But in the other way transaction is allowed to commit before all updates are recorded in the database in the disk. In the recovery both undo and redo type log entries are used. This variation of immediate update technique is called UNDO/REDO recovery algorithm. This algorithm also changes in the single user environment and multi user environment, because in multi user environment different concurrency control protocols are used by different DBMS. There are two lists are maintained and one contains active transactions and other contains committed transaction since last check point. In the single user environment there is only one transaction in the active list. When recovery from a failure in single user environment, undo all the write operations of the active transaction and redo all the write operations of committed transaction in order those were written to the log. Undo is done in reverse order which they were written to the log. These two lists for transactions are maintained in the multiuser environment and same recovery process is done with concurrent execution. When redoing write operations of committed transaction, redo is start from the end of the log and only last update of each item is redone. Recovery in concurrent environment requires some locking mechanism to achieve concurrency control.

Checkpoints are very useful in both deferred update and immediate update based recovery algorithms. Otherwise it is required to search whole log to find redo and undo operations. In both techniques it is required only undo or redo operations until last check point. Because changes made before last check point were successfully recorded to the database in the check points.

\subsection {ARIES}

Algorithm for Recovery and Isolation Exploiting Semantics (ARIES) another is advanced recovery algorithm used by most of DBMS. ARIES guarantees the atomicity and durability properties of transactions in the fact of process, transaction, system and media failures. ARIES uses steal/no-force approach for writing and it is based on three concepts. Write-ahead logging (WAL), repeating history during redo and logging changes during undo are main concepts used by ARIES. ARIES retrace all action of the database system prior to the failure to reconstruct or recover database state in a failure. It is the repeating history during redo. Logging changes during undo means, logging the undo operations of the recovery in the log. In ARIES undo the operations of the uncommitted transactions. If recovery process fails after some of undo operations then there is no need to undo all the operations of uncommitted transactions. It is required only undo uncompleted undo operations of uncommitted transactions. Log records which are written in the log during are called compensation log records or CLRs \cite{ref4}. In ARIES CLRs are redo-only log records. This log mechanism prevents repeating the completed undo operations. Check points and fuzzy check points are used by ARIES to increase efficiency and avoid unnecessary redo and undo operation in the recovery process.

ARIES uses a single log sequence number (LSN). Every log record has an associated LSN which is increasing and contains the disk location or the address of the log record. The page\_LSN field which is placed in the page itself update when the page is updated and a log record is written. The page\_LSN contains the LSN of the log record that describes the latest update to the page. This is important to track the logged updates for the page in the restart and media recovery.

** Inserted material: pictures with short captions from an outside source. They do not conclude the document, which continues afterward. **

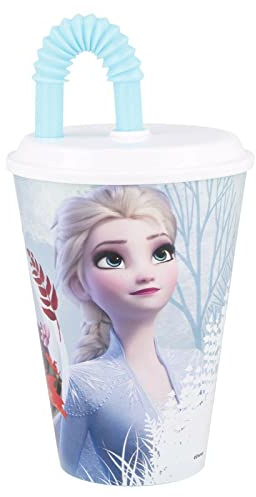 Gold1 Kids Character Sports Tumbler 430ML Drinking Re-usable Plastic Cup with Straw (Frozen Forest)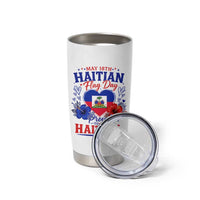 May 18th Haitian Flag Day Floral Hibiscus Tumbler Cup Proud To Be Haitian Heritage Pride
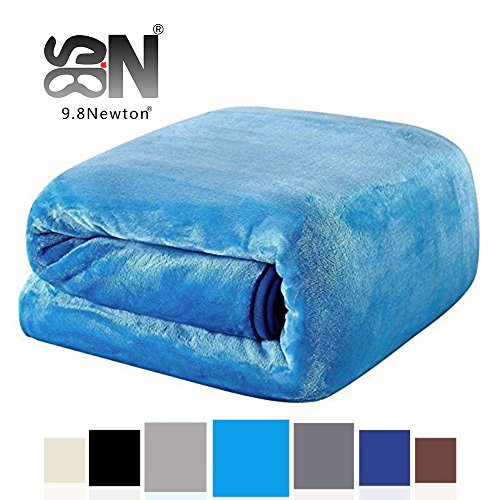 9.8 Newton Bed Blankets Queen Size Weighted Blanket, Blue, 60 80 22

ARIES uses some data structures \cite{ref4} to maintain data needed for the recovery or restart process. Log record is a data structure which contains several fields such as LSN, type (update, compensation), transaction id, previous LSN, page id, undo next LSN and data. Transaction table is another data structure used by the ARIES. It contains transaction id, transaction state, last LSN, Undo next LSN fields. To represent information about dirty buffer pages in the normal processing, ARIES uses dirty page table. The dirty page table is used by ARIES in the recovery process. Dirty page table contains two fields, page id and recovery LSN (RecLSN). These data structures increase the efficiency of the recovery.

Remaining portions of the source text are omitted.